Bootstrap inference for linear regression between variables that are never jointly observed: application in in vivo experiments
Polina Arsenteva, Mohamed Amine Benadjaoud, Hervé Cardot
TL;DR
This work tackles estimating a linear regression when the predictor $X$ and outcome $Y$ are never observed jointly, by exploiting a grouping variable $G$ that is observed with both $X$ and $Y$. It develops two identification strategies: a moment-based method using conditional means and an optimal transport method based on Wasserstein distance, both yielding consistent and asymptotically Gaussian estimators under weak assumptions. Because explicit asymptotic variances are intractable except in simple cases, the authors implement a stratified bootstrap to construct confidence intervals, which proves effective in finite samples and often superior to naive interval methods.
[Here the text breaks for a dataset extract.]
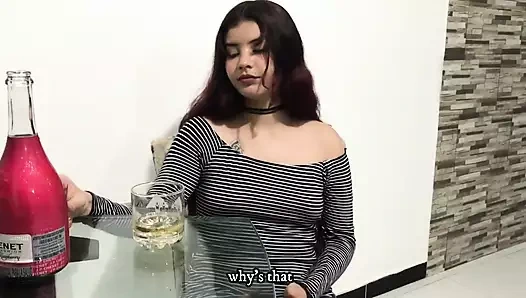 Üvey kız kardeş inadına üvey erkek kardeşinin büyük yarağına biniyor - İspanyolca porno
The methods are validated via simulations resembling in vivo data and applied to mouse radiotherapy data, where bootstrap-based inference uncovers relationships between biomarkers that naive approaches miss, demonstrating practical value for data-fusion settings with small samples.
Abstract
In modern experimental science, there is a common problem of estimating the coefficients of a linear regression in a context where the variables of interest cannot be observed simultaneously. When there is a categorical variable that is observed on all statistical units, we consider two estimators of linear regression that take this additional information into account: an estimator based on moments and an estimator based on optimal transport theory. These estimators are shown to be consistent and asymptotically Gaussian under weak hypotheses. The asymptotic variance has no explicit expression, except in some special cases, for which reason a stratified bootstrap approach is developed to construct confidence intervals for the estimated parameters, whose consistency is also shown. A simulation study evaluating and comparing the finite sample performance of these estimators demonstrates the advantages of the bootstrap approach in several realistic scenarios. An application to in vivo experiments, conducted in the context of studying radio-induced adverse effects in mice, revealed important relationships between the biomarkers of interest that could not be identified with the considered naive approach.